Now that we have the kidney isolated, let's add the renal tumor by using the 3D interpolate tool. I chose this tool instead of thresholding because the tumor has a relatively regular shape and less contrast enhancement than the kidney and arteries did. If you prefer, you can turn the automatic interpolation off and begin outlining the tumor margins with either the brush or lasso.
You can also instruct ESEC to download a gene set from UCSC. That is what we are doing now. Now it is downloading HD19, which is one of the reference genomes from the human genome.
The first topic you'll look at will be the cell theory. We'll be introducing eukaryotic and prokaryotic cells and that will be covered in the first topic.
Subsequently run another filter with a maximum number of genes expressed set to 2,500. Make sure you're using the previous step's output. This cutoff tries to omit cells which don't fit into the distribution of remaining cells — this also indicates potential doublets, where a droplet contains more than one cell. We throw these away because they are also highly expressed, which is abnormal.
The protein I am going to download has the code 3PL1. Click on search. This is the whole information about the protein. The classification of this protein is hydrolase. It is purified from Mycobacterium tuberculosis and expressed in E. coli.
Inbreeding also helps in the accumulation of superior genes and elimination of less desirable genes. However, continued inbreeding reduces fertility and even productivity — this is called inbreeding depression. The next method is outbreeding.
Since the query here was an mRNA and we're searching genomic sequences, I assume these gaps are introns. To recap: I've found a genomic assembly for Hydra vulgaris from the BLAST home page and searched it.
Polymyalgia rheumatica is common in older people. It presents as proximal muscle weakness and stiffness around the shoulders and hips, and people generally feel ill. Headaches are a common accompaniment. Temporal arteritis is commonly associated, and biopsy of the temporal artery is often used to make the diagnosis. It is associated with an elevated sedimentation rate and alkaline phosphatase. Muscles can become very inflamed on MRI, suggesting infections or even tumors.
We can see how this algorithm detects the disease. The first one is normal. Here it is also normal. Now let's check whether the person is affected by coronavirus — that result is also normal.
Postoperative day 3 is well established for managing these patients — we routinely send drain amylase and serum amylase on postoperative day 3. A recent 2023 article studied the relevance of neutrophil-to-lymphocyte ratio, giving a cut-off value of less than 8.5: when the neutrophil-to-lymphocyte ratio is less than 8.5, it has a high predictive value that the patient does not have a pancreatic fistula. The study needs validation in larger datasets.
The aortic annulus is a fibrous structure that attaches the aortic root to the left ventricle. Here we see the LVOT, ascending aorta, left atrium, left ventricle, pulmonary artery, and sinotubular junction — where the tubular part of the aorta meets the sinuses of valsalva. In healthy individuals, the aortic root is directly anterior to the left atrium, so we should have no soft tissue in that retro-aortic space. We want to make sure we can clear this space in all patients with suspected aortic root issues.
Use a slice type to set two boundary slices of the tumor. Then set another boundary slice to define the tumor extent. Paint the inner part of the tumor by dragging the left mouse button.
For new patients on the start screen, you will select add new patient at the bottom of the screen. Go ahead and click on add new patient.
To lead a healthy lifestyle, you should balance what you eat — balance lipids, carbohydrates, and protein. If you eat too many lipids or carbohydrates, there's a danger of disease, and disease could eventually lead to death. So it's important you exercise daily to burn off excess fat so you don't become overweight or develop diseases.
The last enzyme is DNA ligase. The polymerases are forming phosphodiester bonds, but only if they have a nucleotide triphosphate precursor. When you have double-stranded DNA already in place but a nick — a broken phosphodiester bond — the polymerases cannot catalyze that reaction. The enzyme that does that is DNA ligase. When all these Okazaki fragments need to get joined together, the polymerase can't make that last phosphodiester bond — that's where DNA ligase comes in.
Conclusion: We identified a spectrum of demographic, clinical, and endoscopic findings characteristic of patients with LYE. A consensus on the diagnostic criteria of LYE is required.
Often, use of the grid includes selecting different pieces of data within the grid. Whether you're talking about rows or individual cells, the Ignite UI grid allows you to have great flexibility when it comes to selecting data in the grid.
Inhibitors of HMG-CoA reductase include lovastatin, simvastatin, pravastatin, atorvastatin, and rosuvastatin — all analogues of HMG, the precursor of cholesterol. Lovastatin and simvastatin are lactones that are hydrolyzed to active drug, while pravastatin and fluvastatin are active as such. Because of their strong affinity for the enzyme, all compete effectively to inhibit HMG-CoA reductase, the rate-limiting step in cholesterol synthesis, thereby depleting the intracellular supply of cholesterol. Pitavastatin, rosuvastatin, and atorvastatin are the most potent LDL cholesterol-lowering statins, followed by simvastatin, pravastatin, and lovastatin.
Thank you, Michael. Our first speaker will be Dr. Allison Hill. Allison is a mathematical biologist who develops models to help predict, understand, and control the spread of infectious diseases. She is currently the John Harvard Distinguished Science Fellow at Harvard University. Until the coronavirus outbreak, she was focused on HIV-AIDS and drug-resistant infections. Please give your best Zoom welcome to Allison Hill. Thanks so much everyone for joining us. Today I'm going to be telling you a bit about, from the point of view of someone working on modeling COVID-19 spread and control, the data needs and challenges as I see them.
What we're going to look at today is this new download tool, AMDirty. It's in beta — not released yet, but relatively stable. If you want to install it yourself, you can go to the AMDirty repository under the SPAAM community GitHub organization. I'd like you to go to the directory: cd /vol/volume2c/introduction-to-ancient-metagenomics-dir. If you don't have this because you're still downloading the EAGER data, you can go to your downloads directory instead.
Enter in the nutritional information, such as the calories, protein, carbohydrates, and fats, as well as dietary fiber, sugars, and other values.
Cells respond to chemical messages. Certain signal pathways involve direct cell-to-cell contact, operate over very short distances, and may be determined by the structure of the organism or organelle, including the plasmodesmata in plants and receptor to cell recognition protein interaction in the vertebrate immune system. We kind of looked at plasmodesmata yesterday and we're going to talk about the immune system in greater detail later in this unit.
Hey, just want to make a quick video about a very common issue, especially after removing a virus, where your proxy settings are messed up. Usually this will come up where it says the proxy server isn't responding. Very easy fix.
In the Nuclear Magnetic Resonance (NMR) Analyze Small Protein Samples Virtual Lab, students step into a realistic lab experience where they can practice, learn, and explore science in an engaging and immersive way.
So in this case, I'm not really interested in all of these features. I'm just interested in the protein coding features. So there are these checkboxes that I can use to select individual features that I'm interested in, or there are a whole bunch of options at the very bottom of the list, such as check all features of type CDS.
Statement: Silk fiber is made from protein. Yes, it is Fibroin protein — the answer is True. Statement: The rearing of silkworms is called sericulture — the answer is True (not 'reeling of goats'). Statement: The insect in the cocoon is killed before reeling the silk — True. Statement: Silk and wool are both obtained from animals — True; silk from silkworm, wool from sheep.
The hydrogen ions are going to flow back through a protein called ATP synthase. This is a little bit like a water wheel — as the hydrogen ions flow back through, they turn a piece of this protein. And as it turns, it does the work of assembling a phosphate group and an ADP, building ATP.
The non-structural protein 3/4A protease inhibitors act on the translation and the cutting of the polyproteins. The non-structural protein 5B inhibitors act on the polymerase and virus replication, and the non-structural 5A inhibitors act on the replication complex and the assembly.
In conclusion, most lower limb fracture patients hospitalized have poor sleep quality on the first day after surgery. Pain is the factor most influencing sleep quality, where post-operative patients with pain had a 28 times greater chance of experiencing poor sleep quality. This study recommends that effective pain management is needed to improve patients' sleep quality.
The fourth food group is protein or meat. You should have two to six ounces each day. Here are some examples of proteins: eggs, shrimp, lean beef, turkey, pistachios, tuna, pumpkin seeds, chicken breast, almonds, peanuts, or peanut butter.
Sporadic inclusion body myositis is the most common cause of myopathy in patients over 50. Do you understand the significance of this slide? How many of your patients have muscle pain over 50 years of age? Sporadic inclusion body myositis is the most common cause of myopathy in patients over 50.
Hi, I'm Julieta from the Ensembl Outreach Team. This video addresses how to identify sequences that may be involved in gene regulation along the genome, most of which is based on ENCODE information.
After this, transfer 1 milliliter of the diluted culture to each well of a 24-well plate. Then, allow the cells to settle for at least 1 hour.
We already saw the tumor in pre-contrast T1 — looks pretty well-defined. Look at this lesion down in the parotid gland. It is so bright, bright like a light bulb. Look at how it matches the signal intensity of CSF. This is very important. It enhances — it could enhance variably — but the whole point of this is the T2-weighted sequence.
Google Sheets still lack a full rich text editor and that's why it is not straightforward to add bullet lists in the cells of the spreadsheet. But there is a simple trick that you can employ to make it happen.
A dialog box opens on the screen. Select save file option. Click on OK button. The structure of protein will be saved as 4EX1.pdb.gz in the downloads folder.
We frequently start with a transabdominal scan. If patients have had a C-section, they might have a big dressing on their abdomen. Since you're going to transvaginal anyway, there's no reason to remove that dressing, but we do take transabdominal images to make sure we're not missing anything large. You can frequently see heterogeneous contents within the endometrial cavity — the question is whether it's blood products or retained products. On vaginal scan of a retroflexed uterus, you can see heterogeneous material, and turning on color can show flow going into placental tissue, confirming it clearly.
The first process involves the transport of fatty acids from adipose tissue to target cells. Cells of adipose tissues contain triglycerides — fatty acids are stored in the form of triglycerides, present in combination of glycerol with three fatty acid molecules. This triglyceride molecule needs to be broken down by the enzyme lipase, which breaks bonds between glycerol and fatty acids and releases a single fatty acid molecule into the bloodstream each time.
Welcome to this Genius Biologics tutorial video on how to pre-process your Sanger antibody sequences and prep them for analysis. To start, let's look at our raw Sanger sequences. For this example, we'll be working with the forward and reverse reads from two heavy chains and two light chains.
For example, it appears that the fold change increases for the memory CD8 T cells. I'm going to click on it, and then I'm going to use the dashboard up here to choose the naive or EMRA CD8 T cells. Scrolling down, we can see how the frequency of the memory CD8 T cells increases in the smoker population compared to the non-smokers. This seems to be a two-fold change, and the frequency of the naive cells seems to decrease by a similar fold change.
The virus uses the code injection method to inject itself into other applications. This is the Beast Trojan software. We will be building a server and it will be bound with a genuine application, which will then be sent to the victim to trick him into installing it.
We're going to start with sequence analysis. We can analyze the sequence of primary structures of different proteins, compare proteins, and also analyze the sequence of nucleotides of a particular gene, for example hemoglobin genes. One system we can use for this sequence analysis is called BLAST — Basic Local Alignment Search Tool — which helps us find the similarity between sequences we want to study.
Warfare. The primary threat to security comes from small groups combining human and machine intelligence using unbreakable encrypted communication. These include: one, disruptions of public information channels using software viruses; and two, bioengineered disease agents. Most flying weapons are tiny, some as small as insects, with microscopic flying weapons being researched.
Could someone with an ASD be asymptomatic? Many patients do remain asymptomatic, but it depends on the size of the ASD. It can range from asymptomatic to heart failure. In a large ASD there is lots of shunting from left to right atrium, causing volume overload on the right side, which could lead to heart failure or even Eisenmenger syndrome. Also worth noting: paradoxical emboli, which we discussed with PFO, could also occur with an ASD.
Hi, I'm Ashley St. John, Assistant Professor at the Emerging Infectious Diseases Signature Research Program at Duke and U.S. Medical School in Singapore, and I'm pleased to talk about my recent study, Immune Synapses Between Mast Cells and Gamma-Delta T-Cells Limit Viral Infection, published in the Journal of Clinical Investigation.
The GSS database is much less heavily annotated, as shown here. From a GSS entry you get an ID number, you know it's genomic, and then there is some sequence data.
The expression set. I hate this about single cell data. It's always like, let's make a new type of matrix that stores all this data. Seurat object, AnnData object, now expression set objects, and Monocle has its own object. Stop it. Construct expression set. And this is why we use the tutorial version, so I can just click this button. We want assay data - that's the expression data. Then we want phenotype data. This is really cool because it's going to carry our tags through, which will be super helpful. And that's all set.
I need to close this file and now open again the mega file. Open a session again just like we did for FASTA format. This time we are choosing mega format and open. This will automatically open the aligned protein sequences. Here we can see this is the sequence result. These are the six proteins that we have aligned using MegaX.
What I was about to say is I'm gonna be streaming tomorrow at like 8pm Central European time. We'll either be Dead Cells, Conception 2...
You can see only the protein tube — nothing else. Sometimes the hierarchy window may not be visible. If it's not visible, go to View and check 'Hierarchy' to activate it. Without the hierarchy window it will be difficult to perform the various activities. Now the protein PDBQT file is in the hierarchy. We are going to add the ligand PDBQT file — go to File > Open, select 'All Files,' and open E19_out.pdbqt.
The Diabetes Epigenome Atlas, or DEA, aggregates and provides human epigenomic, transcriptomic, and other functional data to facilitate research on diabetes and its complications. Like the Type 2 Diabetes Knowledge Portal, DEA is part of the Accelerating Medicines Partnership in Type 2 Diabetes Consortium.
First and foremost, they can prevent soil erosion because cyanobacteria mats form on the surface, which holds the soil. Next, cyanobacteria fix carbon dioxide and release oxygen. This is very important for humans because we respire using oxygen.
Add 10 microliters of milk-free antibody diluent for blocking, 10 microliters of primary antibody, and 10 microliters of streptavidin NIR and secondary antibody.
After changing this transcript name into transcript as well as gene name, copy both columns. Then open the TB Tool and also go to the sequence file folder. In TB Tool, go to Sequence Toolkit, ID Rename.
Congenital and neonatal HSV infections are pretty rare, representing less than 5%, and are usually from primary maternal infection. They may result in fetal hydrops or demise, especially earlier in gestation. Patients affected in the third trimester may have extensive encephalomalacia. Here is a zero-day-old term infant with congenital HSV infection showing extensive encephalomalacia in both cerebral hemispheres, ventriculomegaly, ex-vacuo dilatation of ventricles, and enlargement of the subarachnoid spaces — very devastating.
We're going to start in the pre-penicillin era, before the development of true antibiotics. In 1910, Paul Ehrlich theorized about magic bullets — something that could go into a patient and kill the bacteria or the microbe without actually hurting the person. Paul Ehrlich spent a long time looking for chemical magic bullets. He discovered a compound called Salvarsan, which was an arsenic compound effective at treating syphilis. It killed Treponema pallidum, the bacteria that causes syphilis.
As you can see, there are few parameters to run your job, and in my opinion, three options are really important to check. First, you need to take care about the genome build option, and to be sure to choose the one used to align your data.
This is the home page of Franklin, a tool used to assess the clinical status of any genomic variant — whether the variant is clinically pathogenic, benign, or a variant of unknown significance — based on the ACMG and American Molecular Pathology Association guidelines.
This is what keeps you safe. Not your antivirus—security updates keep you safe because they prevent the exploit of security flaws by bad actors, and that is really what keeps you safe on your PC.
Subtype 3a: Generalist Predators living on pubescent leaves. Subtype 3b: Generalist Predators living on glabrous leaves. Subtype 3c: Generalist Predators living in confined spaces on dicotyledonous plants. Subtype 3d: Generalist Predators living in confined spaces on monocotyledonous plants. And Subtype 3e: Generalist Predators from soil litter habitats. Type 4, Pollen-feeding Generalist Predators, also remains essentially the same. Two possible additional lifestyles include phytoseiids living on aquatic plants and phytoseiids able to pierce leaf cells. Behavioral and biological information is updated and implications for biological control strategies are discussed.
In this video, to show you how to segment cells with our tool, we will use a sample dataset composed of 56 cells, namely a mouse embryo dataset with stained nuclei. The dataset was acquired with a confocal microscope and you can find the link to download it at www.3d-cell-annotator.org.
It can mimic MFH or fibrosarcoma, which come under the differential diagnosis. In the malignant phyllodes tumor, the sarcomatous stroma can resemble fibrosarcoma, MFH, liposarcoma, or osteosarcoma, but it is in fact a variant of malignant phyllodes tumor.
· · ·
ACTIVITY ▸
Retype, exactly and in full, the listing from its first line to the one holding "You can also", both included.

RESPONSE TO THIS TASK ▸
Now that we have the kidney isolated, let's add the renal tumor by using the 3D interpolate tool. I chose this tool instead of thresholding because the tumor has a relatively regular shape and less contrast enhancement than the kidney and arteries did. If you prefer, you can turn the automatic interpolation off and begin outlining the tumor margins with either the brush or lasso.
You can also instruct ESEC to download a gene set from UCSC. That is what we are doing now. Now it is downloading HD19, which is one of the reference genomes from the human genome.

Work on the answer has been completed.